30 November 2007, 17:57  US October real consumer spending flat

The economic headwinds of rising energy prices, falling home prices and growing economic pessimism continued to push down US consumers' spending as the fourth quarter began, abetted by a decline in their inflation-adjusted disposable incomes. October personal consumption rose 0.2 pct, the Commerce Department reported today, but after adjusting for inflation, consumers spent no more than they did in September. The unchanged real consumption number was the smallest change since a 0.2 pct decline in March of this year. Personal income also rose 0.2 pct in October but real disposable income -- after adjusting for inflation and taxes -- fell 0.1 pct, the first decline since April. Nominal disposable income rose 0.1 pct.
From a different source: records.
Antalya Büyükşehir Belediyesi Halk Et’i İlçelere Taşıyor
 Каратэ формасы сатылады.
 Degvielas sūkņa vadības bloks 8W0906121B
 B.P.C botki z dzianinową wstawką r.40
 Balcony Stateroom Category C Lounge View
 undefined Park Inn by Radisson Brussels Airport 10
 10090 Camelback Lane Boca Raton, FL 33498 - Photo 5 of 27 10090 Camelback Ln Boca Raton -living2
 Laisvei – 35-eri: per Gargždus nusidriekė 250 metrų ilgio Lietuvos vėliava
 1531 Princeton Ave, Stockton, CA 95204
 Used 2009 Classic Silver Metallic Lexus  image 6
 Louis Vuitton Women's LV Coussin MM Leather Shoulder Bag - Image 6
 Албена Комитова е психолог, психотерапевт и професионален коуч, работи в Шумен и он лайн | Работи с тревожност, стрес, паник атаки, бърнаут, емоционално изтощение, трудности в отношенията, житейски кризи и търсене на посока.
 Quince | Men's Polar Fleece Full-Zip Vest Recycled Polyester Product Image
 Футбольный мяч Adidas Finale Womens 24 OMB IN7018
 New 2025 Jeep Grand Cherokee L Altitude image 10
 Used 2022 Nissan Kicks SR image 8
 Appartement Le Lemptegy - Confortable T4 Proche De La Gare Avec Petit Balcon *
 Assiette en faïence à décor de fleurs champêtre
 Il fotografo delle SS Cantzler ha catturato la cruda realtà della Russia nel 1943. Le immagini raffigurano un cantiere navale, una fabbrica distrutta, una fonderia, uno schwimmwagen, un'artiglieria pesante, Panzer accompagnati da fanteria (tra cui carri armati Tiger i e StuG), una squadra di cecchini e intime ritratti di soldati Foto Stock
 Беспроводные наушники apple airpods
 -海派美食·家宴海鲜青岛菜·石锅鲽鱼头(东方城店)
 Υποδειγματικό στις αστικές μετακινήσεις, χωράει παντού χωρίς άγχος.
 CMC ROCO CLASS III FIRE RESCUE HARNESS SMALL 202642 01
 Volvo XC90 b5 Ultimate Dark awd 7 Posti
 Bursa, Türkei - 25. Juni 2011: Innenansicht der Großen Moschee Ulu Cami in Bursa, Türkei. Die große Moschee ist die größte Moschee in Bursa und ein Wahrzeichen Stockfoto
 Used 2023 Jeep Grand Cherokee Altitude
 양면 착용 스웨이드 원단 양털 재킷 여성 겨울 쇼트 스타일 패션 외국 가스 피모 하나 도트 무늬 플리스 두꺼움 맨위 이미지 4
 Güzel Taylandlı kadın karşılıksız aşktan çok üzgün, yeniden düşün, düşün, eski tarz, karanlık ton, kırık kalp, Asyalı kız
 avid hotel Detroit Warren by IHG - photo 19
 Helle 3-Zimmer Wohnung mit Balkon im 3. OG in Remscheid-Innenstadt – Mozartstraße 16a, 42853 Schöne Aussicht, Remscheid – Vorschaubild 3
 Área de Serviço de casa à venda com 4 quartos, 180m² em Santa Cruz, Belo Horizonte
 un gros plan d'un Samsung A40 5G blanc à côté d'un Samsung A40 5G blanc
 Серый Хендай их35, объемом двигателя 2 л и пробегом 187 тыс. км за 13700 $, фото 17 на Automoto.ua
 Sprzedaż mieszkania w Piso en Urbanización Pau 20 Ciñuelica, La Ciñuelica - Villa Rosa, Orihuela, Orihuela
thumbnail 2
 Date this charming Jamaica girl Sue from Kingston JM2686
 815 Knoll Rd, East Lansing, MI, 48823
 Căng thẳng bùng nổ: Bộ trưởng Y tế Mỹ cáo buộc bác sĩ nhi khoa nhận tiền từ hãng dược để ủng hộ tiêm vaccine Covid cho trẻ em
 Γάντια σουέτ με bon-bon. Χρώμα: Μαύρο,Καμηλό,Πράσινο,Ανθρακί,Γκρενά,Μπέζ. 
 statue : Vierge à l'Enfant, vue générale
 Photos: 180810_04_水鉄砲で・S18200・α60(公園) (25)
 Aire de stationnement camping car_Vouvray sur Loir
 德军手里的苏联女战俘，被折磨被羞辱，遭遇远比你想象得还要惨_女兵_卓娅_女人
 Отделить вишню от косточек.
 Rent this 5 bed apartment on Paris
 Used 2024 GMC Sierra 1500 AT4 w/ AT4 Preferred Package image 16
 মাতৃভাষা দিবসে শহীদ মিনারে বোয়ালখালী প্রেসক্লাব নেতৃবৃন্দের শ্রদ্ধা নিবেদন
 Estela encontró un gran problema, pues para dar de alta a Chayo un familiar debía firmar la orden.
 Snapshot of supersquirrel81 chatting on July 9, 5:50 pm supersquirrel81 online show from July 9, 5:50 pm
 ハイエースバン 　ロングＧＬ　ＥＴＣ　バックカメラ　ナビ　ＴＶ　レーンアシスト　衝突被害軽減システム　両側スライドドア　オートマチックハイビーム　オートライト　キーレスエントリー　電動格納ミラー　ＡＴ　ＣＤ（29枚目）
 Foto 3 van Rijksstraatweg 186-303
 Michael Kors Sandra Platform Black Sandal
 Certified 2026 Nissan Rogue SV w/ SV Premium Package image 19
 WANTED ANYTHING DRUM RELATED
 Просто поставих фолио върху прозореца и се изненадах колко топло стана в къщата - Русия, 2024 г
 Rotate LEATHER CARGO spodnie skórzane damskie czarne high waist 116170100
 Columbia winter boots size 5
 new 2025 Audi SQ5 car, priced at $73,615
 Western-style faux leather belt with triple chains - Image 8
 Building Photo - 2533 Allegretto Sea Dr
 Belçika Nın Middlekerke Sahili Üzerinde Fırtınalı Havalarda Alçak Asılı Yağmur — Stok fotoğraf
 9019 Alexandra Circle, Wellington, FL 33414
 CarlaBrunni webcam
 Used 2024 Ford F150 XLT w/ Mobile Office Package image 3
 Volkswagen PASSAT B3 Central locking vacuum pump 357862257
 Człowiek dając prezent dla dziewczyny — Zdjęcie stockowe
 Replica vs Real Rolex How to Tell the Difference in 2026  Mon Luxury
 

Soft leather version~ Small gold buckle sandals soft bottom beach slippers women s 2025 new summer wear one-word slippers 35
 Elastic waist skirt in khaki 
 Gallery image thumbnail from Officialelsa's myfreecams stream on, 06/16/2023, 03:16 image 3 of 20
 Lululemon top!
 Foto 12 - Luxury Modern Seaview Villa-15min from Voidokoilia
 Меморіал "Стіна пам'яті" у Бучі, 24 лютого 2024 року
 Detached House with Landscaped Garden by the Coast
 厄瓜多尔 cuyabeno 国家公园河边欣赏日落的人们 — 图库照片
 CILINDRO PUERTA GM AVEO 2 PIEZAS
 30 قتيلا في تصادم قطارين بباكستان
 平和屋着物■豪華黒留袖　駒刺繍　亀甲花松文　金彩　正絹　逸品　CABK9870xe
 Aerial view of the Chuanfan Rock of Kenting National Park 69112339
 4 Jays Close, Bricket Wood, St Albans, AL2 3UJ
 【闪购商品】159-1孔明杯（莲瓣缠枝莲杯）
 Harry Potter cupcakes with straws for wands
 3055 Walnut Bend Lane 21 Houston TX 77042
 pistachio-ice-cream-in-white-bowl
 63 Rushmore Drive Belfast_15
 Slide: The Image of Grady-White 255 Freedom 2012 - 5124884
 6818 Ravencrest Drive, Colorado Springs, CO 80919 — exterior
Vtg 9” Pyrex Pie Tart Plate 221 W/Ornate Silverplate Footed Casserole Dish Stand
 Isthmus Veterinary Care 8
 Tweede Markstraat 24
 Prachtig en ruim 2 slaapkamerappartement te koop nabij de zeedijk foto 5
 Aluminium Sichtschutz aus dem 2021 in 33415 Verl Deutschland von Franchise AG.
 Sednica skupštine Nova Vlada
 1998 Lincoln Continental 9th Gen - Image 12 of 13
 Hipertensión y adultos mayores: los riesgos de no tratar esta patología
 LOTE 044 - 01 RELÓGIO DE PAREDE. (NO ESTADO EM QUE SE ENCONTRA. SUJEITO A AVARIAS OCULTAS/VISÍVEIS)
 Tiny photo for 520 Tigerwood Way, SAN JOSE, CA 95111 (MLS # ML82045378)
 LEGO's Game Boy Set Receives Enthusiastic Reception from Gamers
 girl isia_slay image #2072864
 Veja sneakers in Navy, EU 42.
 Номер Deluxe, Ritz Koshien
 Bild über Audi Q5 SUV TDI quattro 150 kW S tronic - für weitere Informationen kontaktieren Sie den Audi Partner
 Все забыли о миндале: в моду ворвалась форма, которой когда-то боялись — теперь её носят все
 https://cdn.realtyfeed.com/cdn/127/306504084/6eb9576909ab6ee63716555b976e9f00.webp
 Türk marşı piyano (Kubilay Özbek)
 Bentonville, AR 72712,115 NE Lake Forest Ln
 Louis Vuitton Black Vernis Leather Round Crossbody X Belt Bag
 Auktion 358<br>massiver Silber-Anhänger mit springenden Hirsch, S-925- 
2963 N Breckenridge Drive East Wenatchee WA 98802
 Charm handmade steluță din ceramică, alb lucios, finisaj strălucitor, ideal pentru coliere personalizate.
Economists had forecast larger growth numbers for both income and spending, with personal income expected to rise 0.4 pct and consumption to rise 0.3 pct. Inflation held steady in October. The monthly increase in the PCE price index was the same 0.3 pct as September and the core PCE increase, at 0.2 pct, was also unchanged. Year-over-year, the October core PCE index -- excluding food and energy -- was up 1.9 pct, a tenth of a point higher than economists predicted, but also unchanged from the previous month. Headline PCE inflation was 2.9 pct over the year, up from a 2.4 pct September annual increase, as rising food and fuel prices kicked in. The increased consumer caution was not reflected in a higher personal saving rate. It fell to 0.5 pct in October from 0.7 pct in September.